Gesto político mais famoso dos Jogos Olímpicos faz 50 anos
16 de outubro de 2018Tommie Smith ergue o braço direito, o punho cerrado. John Carlos, atrás dele, levanta o esquerdo. Ambos vestem luvas negras e inclinam levemente a cabeça para baixo. Apenas de meias pretas, os dois atletas dos Estados Unidos ouvem em silêncio a execução do hino de seu país.
As imagens desse protesto silencioso durante os Jogos Olímpicos de 1968, na Cidade do México, correram o mundo e viraram um escândalo na terra dos dois atletas.
Nesta terça-feira (16/10), este momento histórico completa 50 anos. E o motivo do protesto dos dois atletas continua mais atual do que nunca. "Em termos de direitos civis, uma lesma avançou mais do que nós nesses 50 anos", comenta John Carlos hoje.
Naquele 16 de outubro, Smith ganhou a medalha de ouro nos 200 metros e quebrou o recorde mundial com o tempo de 19,83 segundos – ele foi o primeiro atleta a bater a marca dos 20 segundos. Carlos conquistou a medalha de bronze. Mas os momentos de glória foram poucos, pois o auge da carreira de ambos foi também o começo do fim.
Afinal, com seu gesto contra a discriminação e o preconceito racial nos Estados Unidos, eles haviam quebrado uma regra fundamental do movimento olímpico: a de que esporte e política – supostamente – não se misturam.
Smith, então com 24 anos, e Carlos, um ano mais novo, pagariam pelo resto de suas vidas pelo gesto. Eles haviam provocado uma sociedade que, à época dos movimentos de direitos civis dos negros nos Estados Unidos, estava com os ânimos exaltados.
Sob pressão do Comitê Olímpico Internacional (COI), ambos foram excluídos da equipe americana, e Smith perdeu todas as verbas de patrocínio. De uma hora para a outra eles se tornaram párias e receberam até mesmo ameaças de morte.
"Não achávamos mais emprego. Não entrava mais dinheiro. Muitas pessoas que eu considerava meus amigos se afastaram de mim. Nossos filhos sofriam bulling na escola. Minha primeira mulher não suportou tudo aquilo e se matou", recorda Carlos.
A encenação fora detalhadamente pensada: os punhos erguidos eram o símbolo do movimento Black Power. As meias pretas simbolizavam a pobreza da população negra. Além disso, Smith e Carlos usavam um broche branco no peito, símbolo do movimento Projeto Olímpico pelos Direitos Humanos (OPHR, em inglês), ao qual ambos pertenciam, assim como a terceira pessoa no pódio, o australiano e medalhista de prata Peter Norman. Ele apoiou o gesto.

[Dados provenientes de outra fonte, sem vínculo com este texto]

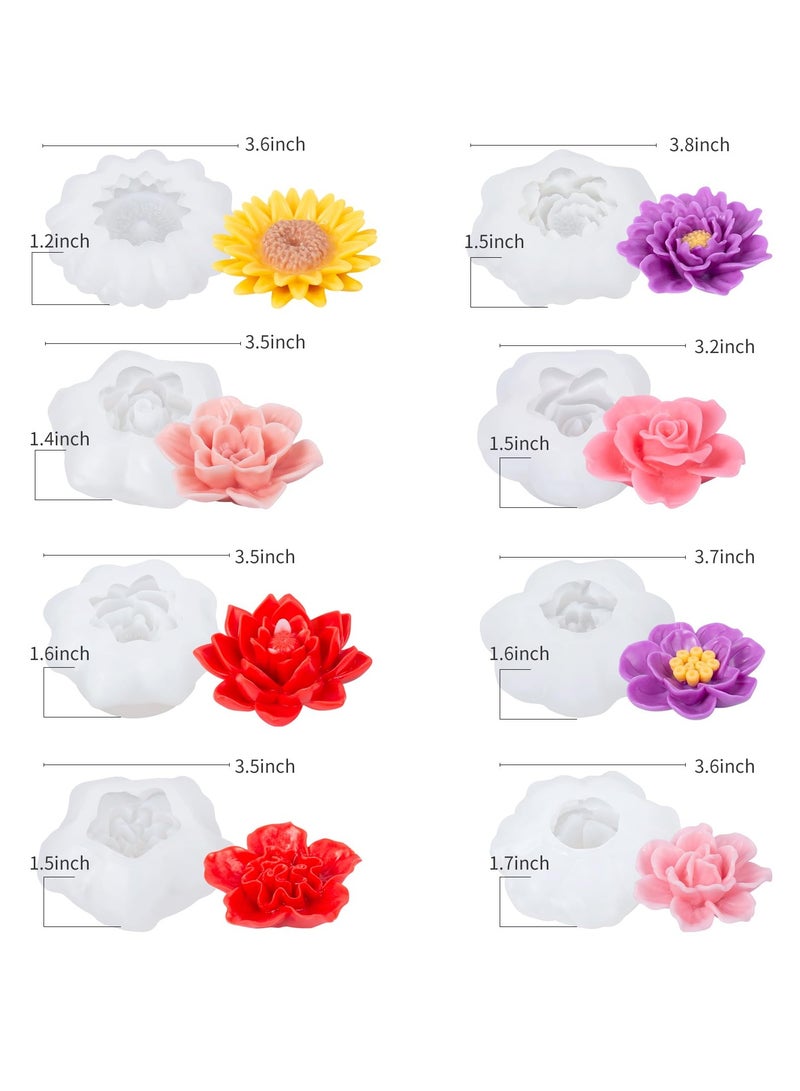 KASTWAVE مجموعة قوالب سيليكون زهور 3D مكونة من 8 قطع لصناعة الراتنج والشموع - تشمل تصاميم الورد والفاوانيا والزهور، مثالية للعجينة والشوكولاتة والصابون وصب الإيبوكسي والحرف الطينية البوليمرية - Image 2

A OPHR lutava contra o racismo no esporte e havia até mesmo defendido o boicote dos Jogos Olímpicos. O boicote nunca aconteceu, mas a ideia de deixar uma marca ficou. "Tínhamos que fazer algo para poder avançar" na luta pelos direitos dos negros, declarou Smith ao jornal Bild am Sonntag. Por isso, ele e Carlos pensaram em usar um palco até então inexistente – a transmissão pela televisão, para todo o mundo, dos Jogos Olímpicos.
Depois de retornarem aos Estados Unidos, Smith e Carlos tiveram que batalhar pela sobrevivência e só aos poucos conseguiram se reerguer. Ambos jogaram, sem muito sucesso, na liga de futebol americano, a NFL, e depois trabalharam como técnicos e professores.
Só muitos anos mais tarde obtiveram reconhecimento pelo seu gesto audacioso. Desde 2005, uma estátua no campus da Universidade San José, na Califórnia, homenageia o protesto. Em 2016, o então presidente Barack Obama recebeu os dois na Casa Branca.
Mas a luta contra o racismo nos Estados Unidos continua, e também no esporte. Em 2016, um dos astros da NFL, Colin Kaepernick, se envolveu numa polêmica por se ajoelhar durante a execução do hino nacional, em protesto contra a injustiça racial no país. Ele está atualmente sem clube.